Alice’s Adventures in Wonderland is a children’s story that has captivated the world since its publication in the 1860s. The book is celebrated each year on 4th July, which is also known as “Alice’s Day”. This is the date that Charles Dodgson (known under the pen name of Lewis Carroll) took 10-year-old Alice Liddell and her sisters on a boating trip in Oxford, and told the story that later evolved into the book that is much-loved across the world.
Oxford is integral to Alice’s history, and Oxford University Press still houses a number of artifacts relating to the original printing of the story in our museum. Click through our slide show below to discover more.

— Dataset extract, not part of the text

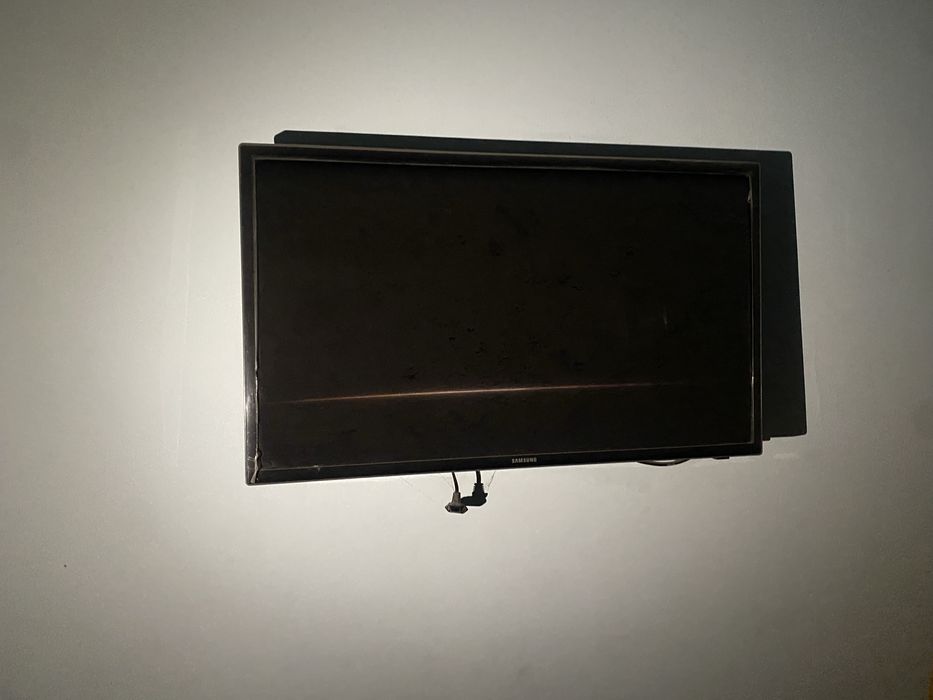 Телевизор Samsung 32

Alice’s complicated history
This copy of “Alice’s Adventures in Wonderland”, which is housed in Oxford University Press’ museum, has a complicated history. While “Alice” wasn’t officially part of the Press’ publishing when it first appeared in the 1800s, this copy is one of 2,000 that Lewis Carroll (also known as Charles Dodgson) paid to have printed in Oxford in 1865. About 50 of these were then bound up at Dodgson’s expense and sent as presents to family and friends; however the illustrator, John Tenniel, objected so strongly to what he thought was poor printing that Carroll tried to suppress the first issue by asking for the recipients to send them back…
"Printed in New York"?
Carroll still had about 1,950 copies of Oxford’s unbound printing that he’d paid for, but which Tenniel hated. Being a shrewd businessman, he sold them to a New York publisher, Appleton, rather than having them destroyed. The text was to be bound up and sold in the USA, but not in the UK, after Oxford printed a frontispiece declaring that the book was “printed in New York”. This is what is called the second issue of the first edition, and it’s a copy of this publication that we have in the OUP museum.
A second issue of the first edition of "Alice"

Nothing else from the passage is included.